Well, I got a haircut. I did all my laundry. I baked cookies. I’ve met up with (count ’em) two friends I’ve been meaning to catch up with.
But my biggest accomplishment is: I’ve been writing! Like, actual new stuff. I bit the bullet, swallowed my insecurity, and I wrote a new essay that I’ve been brainstorming for a couple weeks now. And I’ve already sent it out to a few journals; is it perfect? Oh, no. Absolutely not. But I wrote something and I sent it out into the world. I have not submitted work to journals in about a year and a half. I. Am. Pumped.
And I’m not stopping there. This spring break has been my time to write. Where other girls go to Panama City and flash camera crews and drink themselves into a coconut-scented, sandy oblivion, I have gotten up each morning, eaten breakfast, drank coffee, and wrote. For hours.
I started by telling you that I got my haircut because it’s almost as significant as writing. I got a pixie cut a few years ago. It was a phase I was going through – I wanted to look like a completely different person – and it was a bad look for me. Very bad. I shudder to think.

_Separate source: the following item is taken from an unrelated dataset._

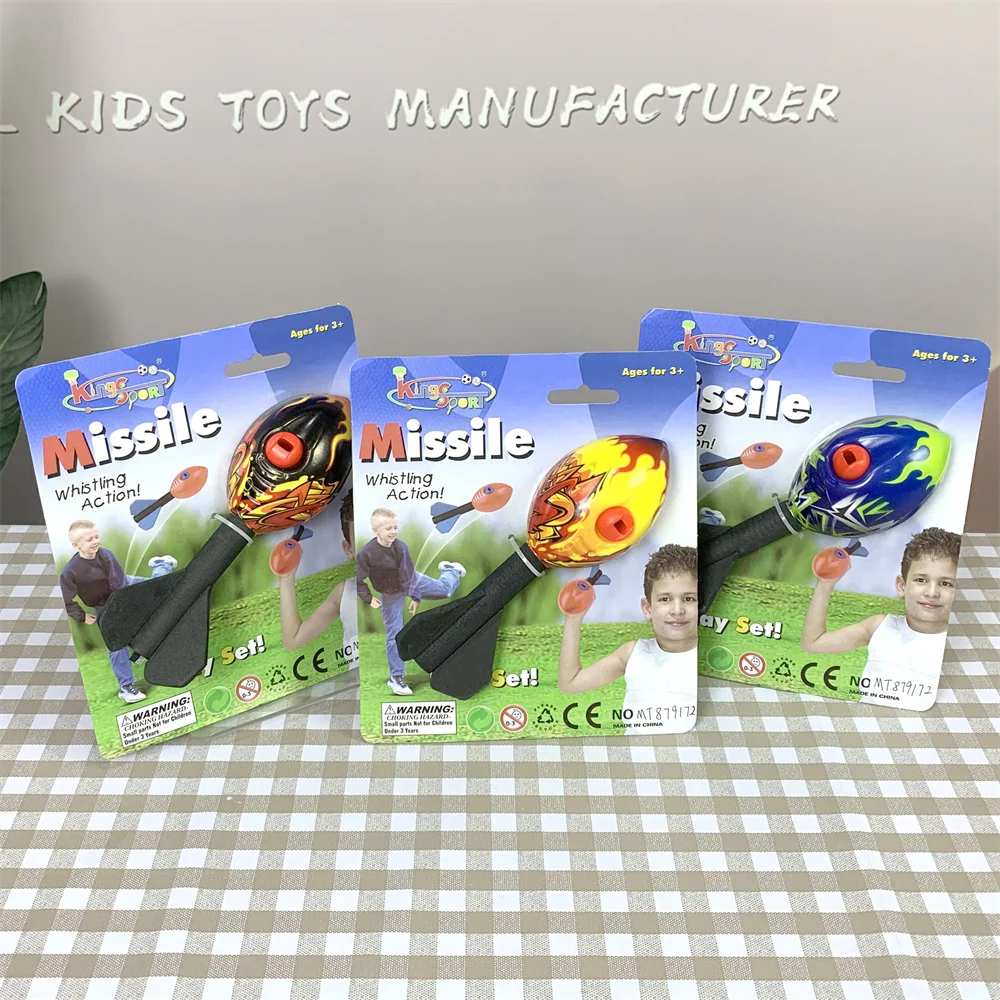 Factory Outdoor Activity Plastic Mini Launcher Sports Game Model Ball Kit Air PU Foam Sponge Whistling Rocket Toys for Kids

So I have been growing my hair out for almost three years. I have made two hairdressers promise me that no matter what I said, they would call my mom and get permission before they could cut all my hair off again. (My mom would never grant permission for them to do so. Trickery!)
And once it got long enough, I started getting bored. I couldn’t get past that phase where it was at my shoulders and just, you know, hanging there like a dead thing on my cheeks.
So this week, in the spirit of braving the writing world again by daring to create something new, I went to a new hair stylist who doesn’t know about the Mom Caveat, and I got her to cut my hair. I sat in the chair, told her the pixie cut story, and told her I wanted something new. Beyond that, it was up to her. This poor girl: she warned me that she didn’t know me, that she had never cut my hair before, but she also agreed to give me what I want. Something new. Something different. Something with some snap.
That’s what I’ve been seeking in my life. Something new, different, snappy. A new approach to writing instead of the same scared girl I’ve been, afraid to stare down a blank word processor screen, frightened by that incessant blinking cursor. And when I finally grew some gumption and sat down, I surprised myself by getting into a writing groove that not only produced words, but also produced confidence.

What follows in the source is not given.